In the middle of Magic Mike XXL, Richie (Joe Manganiello) is self-actualizing in a gas station parking lot. “I’m not a fucking fireman. I’m a male entertainer.”
Richie is realizing that he is not just his tacky fireman costumes. He is not just a single dude struggling to find love because his penis is so unfathomably large. He is a man who has found his calling. He’s a fucking male entertainer, and he is finally delighted to be so, thanks to the brotherly assistance of his merry band of male strippers pals.
Whenever I watch Magic Mike XXL, I feel painfully aware of what we have lost to the majority irony-poisoned, corporate, nearly monopolized modern cinema complex. I can think of little lately that drips with such unselfconscious earnestness, such sincere fantasy as Magic Mike XXL does.
In Magic Mike XXL, we are offered a glimpse of utopia; a world where female pleasure reigns supreme, where kinda-dumb male strippers with hearts of gold don’t just provide, but love their job.
In the utopia that is Magic Mike XXL, sex workers of all forms are respected. They are not firefighters, they are not sailors. Do not disrespect them by calling them what they are not. They are thong-clad dancers. They are, as a sparkly eyed Matt Bomer and a fedora-d but shirtless Donald Glover, muse, potential healers. Men who listen, who observe your bodily desire, when maybe no one else does.
I feel I cannot describe the plot better than Mark Asch does in his transcendent himbo cinema analysis, “Good Boys”. Asch writes of Magic Mike XXL as “a feel-good musical about bros hugging out their differences, encouraging each other to follow their dreams, and caravanning across the South performing worshipful, uplifting routines for “goddesses.”
In the utopia that is Magic Mike XXL, you do not have to take sexual risk to find these beautiful men to bump and grind on you for dollar bills. They stumble into your girls’ night, your job at the gas station, they appear in your drag bar (and are capable and willing of participating in your voguing competition! Channing Tatum may just do a death drop for your viewing pleasure!).
In the utopia that is Magic Mike XXL, being buff and beautiful is a sacred calling for certain men who are in it for the sincere love of thrusting and writhing and listening to women giddy squeal. Channing Tatum is moved to humping his woodworking table (because in this utopia, each of these men have a secret, bleeding-heart passion beneath all of their thrusting and grinding — carpentry, painting, reiki, artisanal frozen yogurt) when the sweet sounds of “Pony” prove too potent of a sense memory for him.

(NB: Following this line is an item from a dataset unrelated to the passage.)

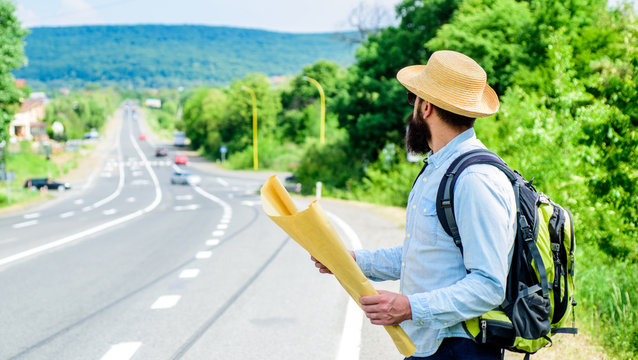 Where should I go. Tourist backpacker map lost direction travelling. Around the world. Map allow recognize enough details to walk somewhere if get lost. Find direction map large sheet of paper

In the utopia that is Magic Mike XXL, these men and their beautiful bodies are not taken for granted. These men are obvious Adonises, ogled by drag queens and middle-aged women, by pretty blondes and shy store clerks, and they are happy to soak up this ogling. More importantly, these obscenely cut bodies are not utilized for military propaganda-adjacent superhero goop, but instead for the very real and important work of pleasing women.
RS Benedict accurately eviscerated the superhuman, uber-muscular body that is ridiculously becoming the “norm” on our theater screens in her seminal, constantly-cited work “Everyone is Beautiful and No One is Horny”. Perhaps the bodies of Magic Mike XXL is not above her critiques. It is the same kind of body as Thor’s or Captain America’s, after all. But here, at least, everyone is beautiful and everyone is horny, and the obscenely muscular body is utilized for the much more valiant purposes of being petted by hot, drunk mom Andie McDowell.
I do not think we have to constantly eat our solemn, serious vegetable equivalents at the movies. I just don’t think I want the only escapism to be superhero goop. What I realize I want, as I watch “Big Dick” Richie unzip in the gas station, is a fucking entertainer.